ASSIGNMENT
Return the full set of records, matching them character for character.

LISTED ENTRIES
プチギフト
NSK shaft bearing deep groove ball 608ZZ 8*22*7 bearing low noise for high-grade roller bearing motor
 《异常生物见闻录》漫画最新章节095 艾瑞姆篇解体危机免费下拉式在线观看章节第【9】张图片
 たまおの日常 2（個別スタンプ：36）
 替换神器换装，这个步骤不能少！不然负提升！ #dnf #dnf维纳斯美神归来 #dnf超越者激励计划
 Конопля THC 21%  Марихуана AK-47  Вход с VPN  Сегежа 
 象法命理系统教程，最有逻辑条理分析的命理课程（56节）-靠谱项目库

WRITTEN RESPONSE
プチギフト
NSK shaft bearing deep groove ball 608ZZ 8*22*7 bearing low noise for high-grade roller bearing motor
 《异常生物见闻录》漫画最新章节095 艾瑞姆篇解体危机免费下拉式在线观看章节第【9】张图片
 たまおの日常 2（個別スタンプ：36）
 替换神器换装，这个步骤不能少！不然负提升！ #dnf #dnf维纳斯美神归来 #dnf超越者激励计划
 Конопля THC 21%  Марихуана AK-47  Вход с VPN  Сегежа 
 象法命理系统教程，最有逻辑条理分析的命理课程（56节）-靠谱项目库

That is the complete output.